• Exercise prompt:
Up to and including the line that contains "img 4 attached", write out each line of the material from its first line, exactly.

• Supplied data:
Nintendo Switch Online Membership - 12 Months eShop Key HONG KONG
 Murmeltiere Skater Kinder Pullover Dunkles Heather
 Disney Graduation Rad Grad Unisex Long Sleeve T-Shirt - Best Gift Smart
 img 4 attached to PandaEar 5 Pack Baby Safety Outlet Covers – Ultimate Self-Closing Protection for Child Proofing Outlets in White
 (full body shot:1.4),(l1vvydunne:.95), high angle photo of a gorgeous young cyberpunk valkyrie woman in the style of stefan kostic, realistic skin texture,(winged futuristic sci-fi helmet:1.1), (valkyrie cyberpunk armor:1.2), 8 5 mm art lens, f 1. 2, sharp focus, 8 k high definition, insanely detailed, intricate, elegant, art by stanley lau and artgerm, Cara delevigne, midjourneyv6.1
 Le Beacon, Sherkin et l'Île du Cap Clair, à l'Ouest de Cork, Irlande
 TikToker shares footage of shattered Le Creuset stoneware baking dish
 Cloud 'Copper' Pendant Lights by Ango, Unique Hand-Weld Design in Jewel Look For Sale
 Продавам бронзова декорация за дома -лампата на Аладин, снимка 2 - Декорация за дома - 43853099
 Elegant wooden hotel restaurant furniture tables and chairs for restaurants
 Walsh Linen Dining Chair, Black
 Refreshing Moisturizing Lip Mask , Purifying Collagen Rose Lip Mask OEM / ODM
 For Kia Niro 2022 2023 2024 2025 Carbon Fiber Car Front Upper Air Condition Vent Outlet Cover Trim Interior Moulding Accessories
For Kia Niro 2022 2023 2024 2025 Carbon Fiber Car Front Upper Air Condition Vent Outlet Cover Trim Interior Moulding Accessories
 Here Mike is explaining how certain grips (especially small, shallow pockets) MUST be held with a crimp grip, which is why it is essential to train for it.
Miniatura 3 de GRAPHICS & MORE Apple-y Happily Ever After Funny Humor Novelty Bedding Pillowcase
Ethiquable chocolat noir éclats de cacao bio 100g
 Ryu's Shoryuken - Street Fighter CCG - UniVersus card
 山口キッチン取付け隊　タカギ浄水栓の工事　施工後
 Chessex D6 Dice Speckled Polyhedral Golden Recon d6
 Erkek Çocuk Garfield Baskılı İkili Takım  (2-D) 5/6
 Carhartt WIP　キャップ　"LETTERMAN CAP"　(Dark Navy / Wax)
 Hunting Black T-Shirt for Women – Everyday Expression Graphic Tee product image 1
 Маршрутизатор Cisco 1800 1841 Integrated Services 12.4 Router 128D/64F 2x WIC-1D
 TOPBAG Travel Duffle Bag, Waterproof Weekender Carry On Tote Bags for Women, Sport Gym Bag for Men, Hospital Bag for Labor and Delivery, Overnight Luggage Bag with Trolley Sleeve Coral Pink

• Answer to this problem:
Nintendo Switch Online Membership - 12 Months eShop Key HONG KONG
 Murmeltiere Skater Kinder Pullover Dunkles Heather
 Disney Graduation Rad Grad Unisex Long Sleeve T-Shirt - Best Gift Smart
 img 4 attached to PandaEar 5 Pack Baby Safety Outlet Covers – Ultimate Self-Closing Protection for Child Proofing Outlets in White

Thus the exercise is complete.